# DataCreation

In this notebook, we construct a bank statement for a given fiscal year.

In [None]:
import pandas as pd
import numpy as np
import numpy.random as npr

We set up two dictionaries. One for regular payments and one for expenses that occur (relatively) unscheduled. The first kind is characterized simply by its amount while the second kind is associated with a tuple of three values that represent the probability of the expense occuring, and the average value and standard deviation for the amount spent. 

In [None]:
regular = {}
regular["Rent"] = 1000
regular["Car Loan"] = 250
regular["Insurances"] = 30
regular["Phone"] = 60

random = {}
random["CoffeeBrothers"] = (6./7, 2., 0.1)
random["BeansBeansBeans"] = (3./7, 2.2, 0.3)
random["Who likes dough?"] = (2./30, 5., 3.)
random["BestBakers"] = (5./30, 3, 2)
random["Cuisine Francaise"] = (2./50, 100, 10)
random["Best Burgers"] = (1./50, 7, 2)
random["Gimme Gyros"] = (1./50, 4, 1)
random["Bernhard Bratwurst"] = (3./50, 2, 0.05)
random["Trattoria Accento"] = (1./40, 15, 1)
random["Convencience"] = (1./20, 7., 2)
random["Plumber"] = (1./300, 70, 30)
random["DIY Furniture"] = (5./300, 150, 20)
random["Electrobuddy"] = (1./100, 500, 15)
random["Farmer's Market"] = (1./7, 25, 1)
random["Franny's Fantastic Food"] = (1./7, 60, 4)
random["Super Foods Market"] = (1./4, 60, 3)
random["Gas"] = (1./8, 65, 1)
random["Clothes left and right"] = (1./30, 45, 5)
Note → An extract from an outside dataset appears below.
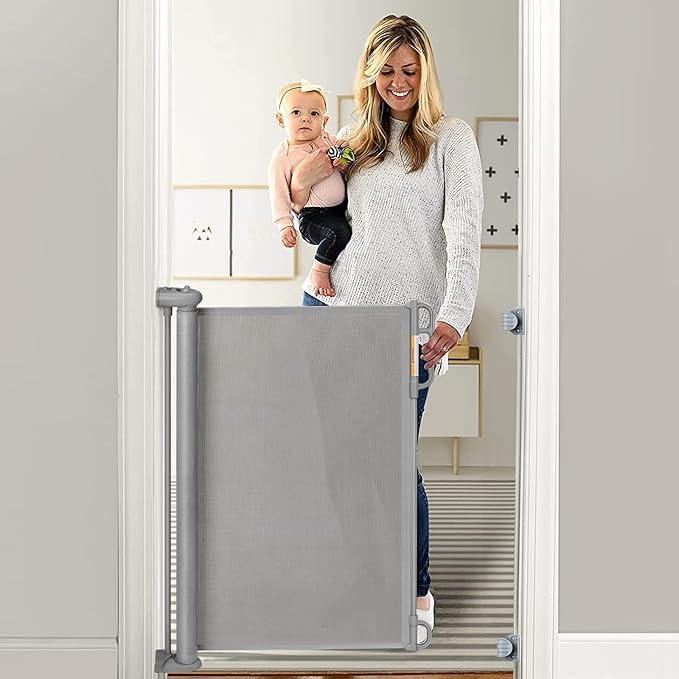 Momcozy Retractable Baby Gate, 33" Tall, Extends up to 55" Wide, Child Safety Baby Gates for Stai... | Amazon (US)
messages = ["Thank you for your purchase", "See you soon!", "We value your business", "Always a good choice", ""]

The data frame is constructed by providing column names and a preliminary length that equals the number of regular payments times 12 - one for each month. This is strictly not necessary but allows pandas to allocate some memory beforehand. Again, this would be more important for larger datasets where adding data row by row might become prohibitively expensive.

In [None]:
bank_account = pd.DataFrame(columns=["Date", "Recipient", "Subject", "ID", "Amount"], index=range(12 * len(regular)))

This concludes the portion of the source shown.